Lembrou que "a revolução de 1974 trouxe a democracia e a liberdade, mas também prometeu a terra prometida, que, aliada à irresponsabilidade e à politização de tudo, rebentou com o país".

Chamou a atenção que "o povo não é governo, não é banqueiro, não foi ideólogo das Parcerias Público Privadas, nem foi ou é engenheiro financeiro, não recebe reformas milionárias, mas tem de pagar tudo o que de mal e de forma incompetente foi feito neste país por irresponsáveis, imunes e impunes".

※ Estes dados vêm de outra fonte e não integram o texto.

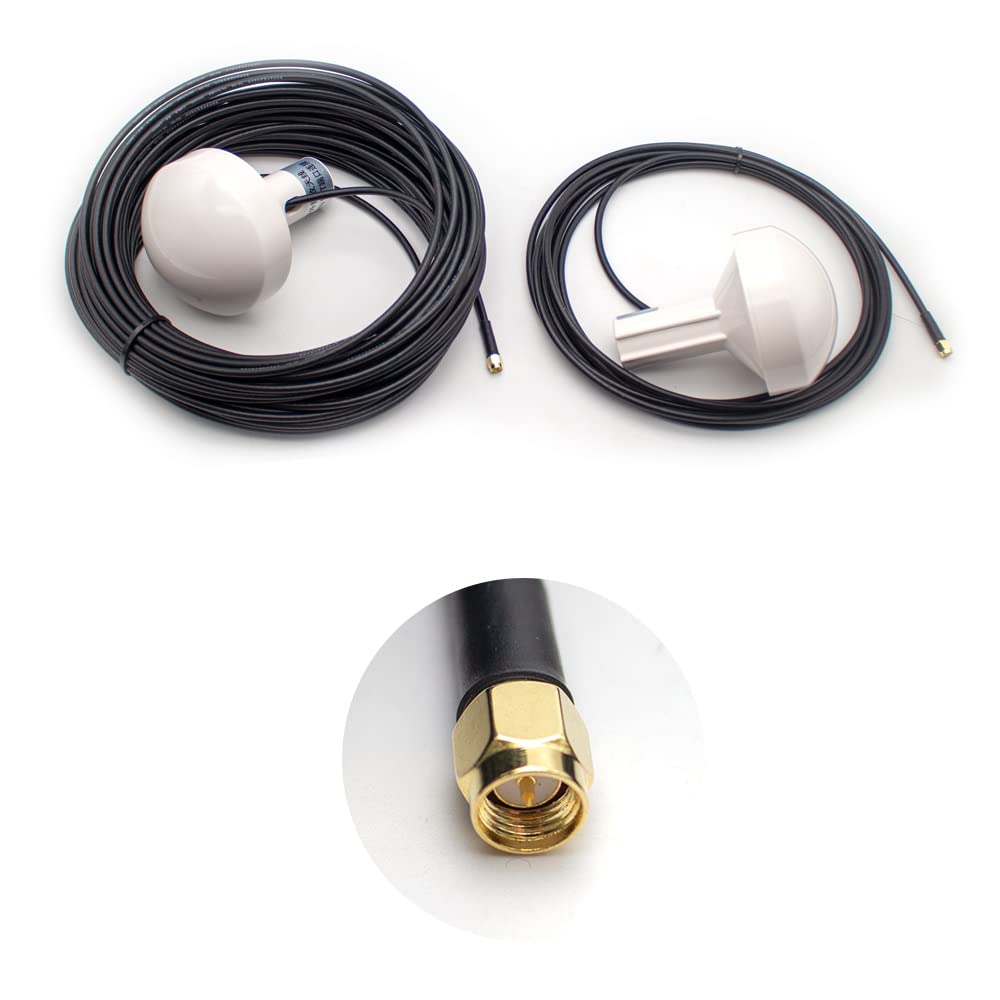Repetidor de Señal GPS de Doble Frecuencia, Repetidor de Señal Beidou, Amplificador GPS, Amplificador GPS, Cobertura Interior GPS+bd AC100-240V 48-52dB -40~85℃(set 4)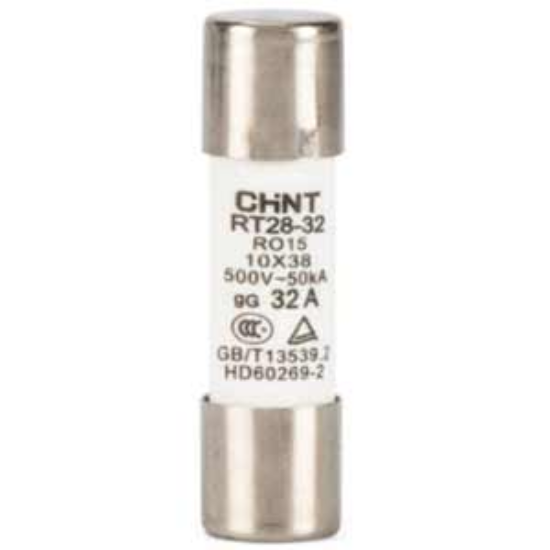 Ảnh của Cầu chì hình ống CHINT RT28-32 32A gG/gL 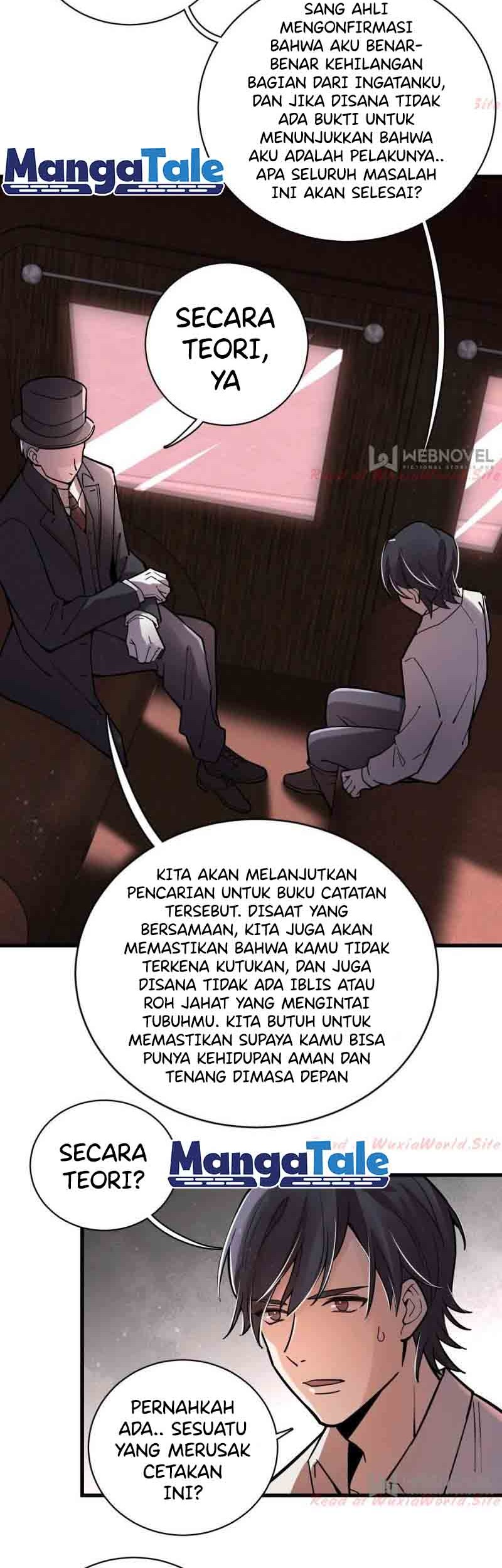 Lord of the Mysteries Chapter 17 Gambar 3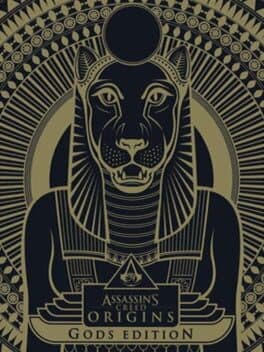 Assassin's Creed: Origins - God's Edition cover art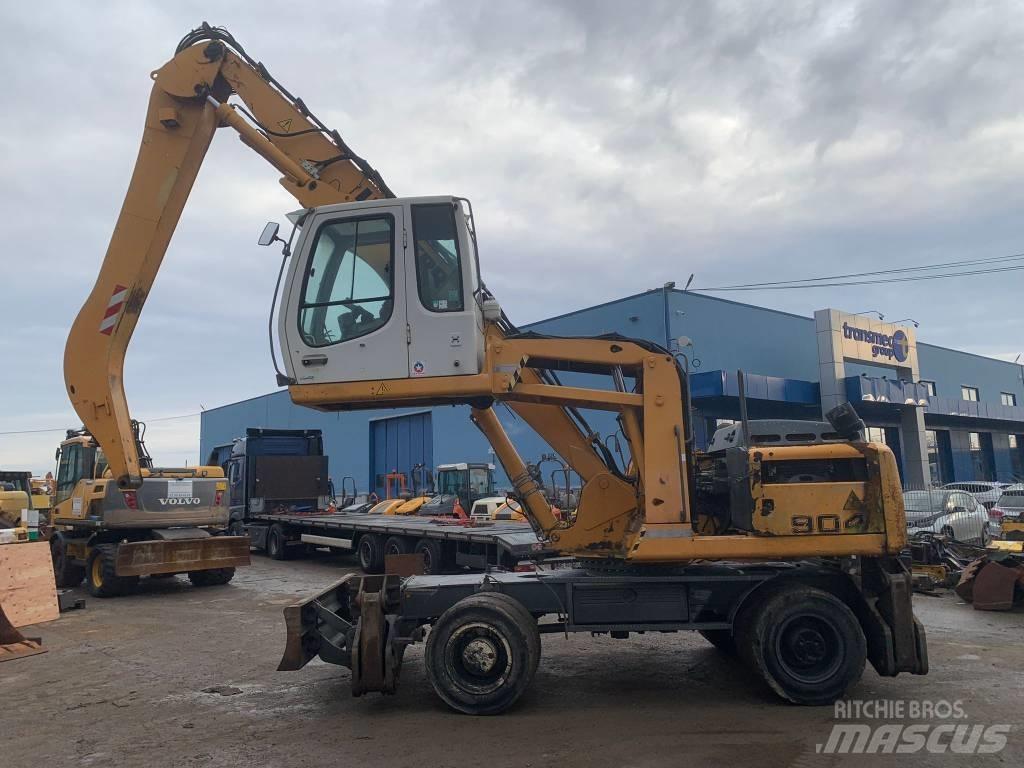Liebherr A 904 C Escavadoras de rodas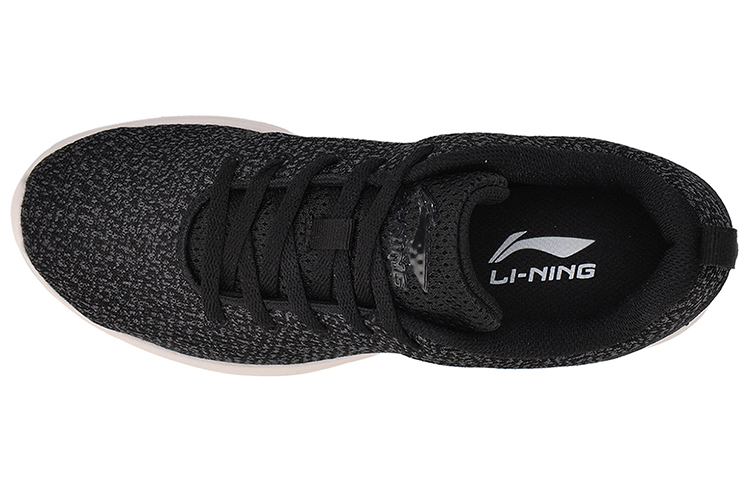 Lookbook (W) Li-Ning Basic Walker ''Zwarte Casual Hardloper'' AGCM208-1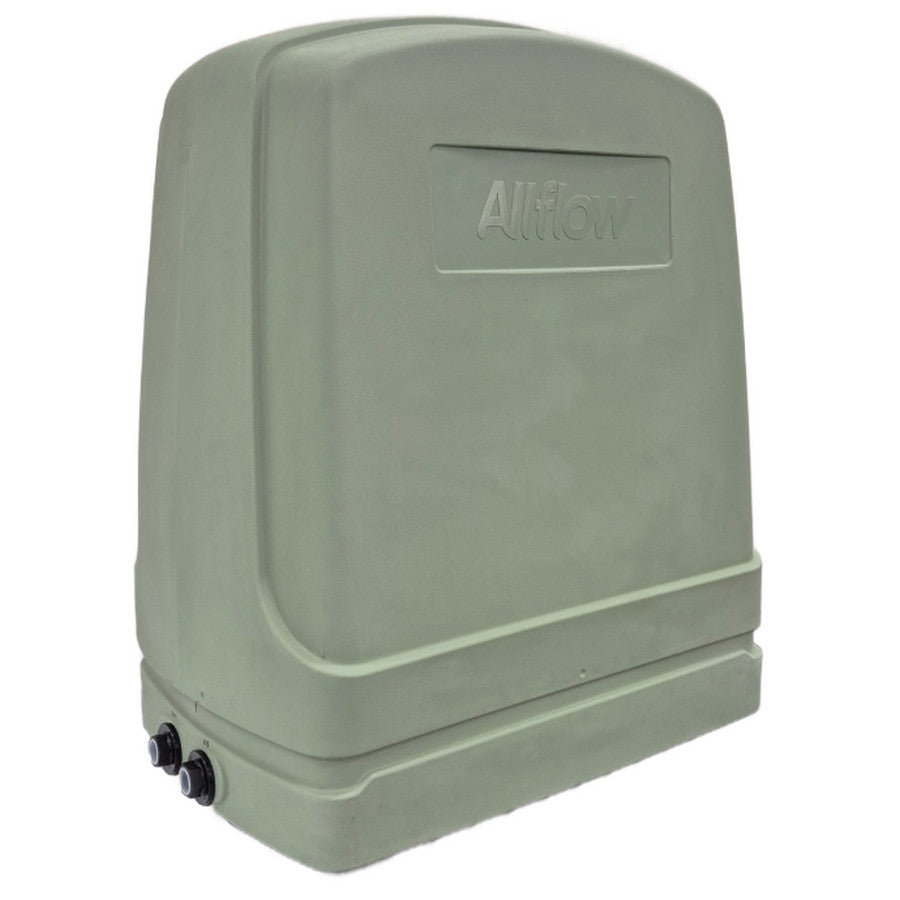 Maxi Pak water filtration system with pump cover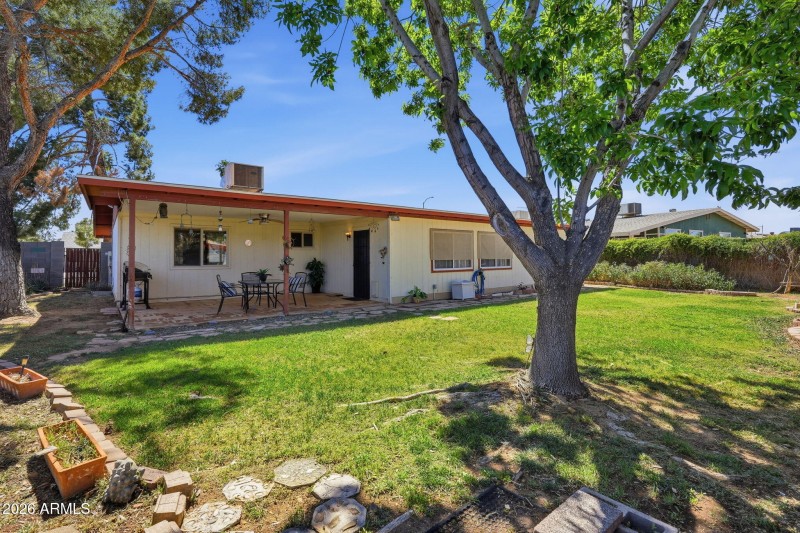 Large Lot with Grassy Play Area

"A Madeira não pode ficar impávida e serena perante esta situação, com o que se assiste diariamente e sem a necessária articulação, compreensão e resolução dos problemas insulares, ultraperiféricos, próprios das ilhas dos Açores e da Madeira", observou.

"Esta é a altura ideal para debatermos e acordarmos uma revisão constitucional respeitante às regiões autónomas, por nos encontrarmos a meio da legislatura, e haver a necessidade de serem estabelecidas novas regras de acordo com a experiência adquirida e aos novos tempos", disse.

Coito Pita defendeu, assim, "uma clarificação" da capacidade legislativa da Assembleia Regional, a extinção do cargo de Representante da República, uma nova lei eleitoral estabelecendo uma redução do número de deputados, uma nova lei orgânica que altere o sistema de apoio financeiro aos partidos e aos grupos parlamentares, um novo estatuo de deputados equiparando-o aos da Assembleia da República.

Defendeu ser obrigação do PSD-M apresentar uma Revisão Constitucional para "criar um sistema mais operacional e funcional".

"Reformar o sistema, pô-lo a funcionar para o bem da Região ou, então, dizer que se é assim que querem, de uma máscara, então deixemos de brincar ao Carnaval, que fiquem com as competências e serviços, que nos governem de lá, ou, então, que voltemos aos idos de 1974/1976 e que acabemos com o processo de independência", concluiu.

Caso a Assembleia Legislativa aprove o projeto de resolução do PSD-M, os deputados sociais-democratas madeirenses na Assembleia da República irão desencadear o processo de revisão constitucional.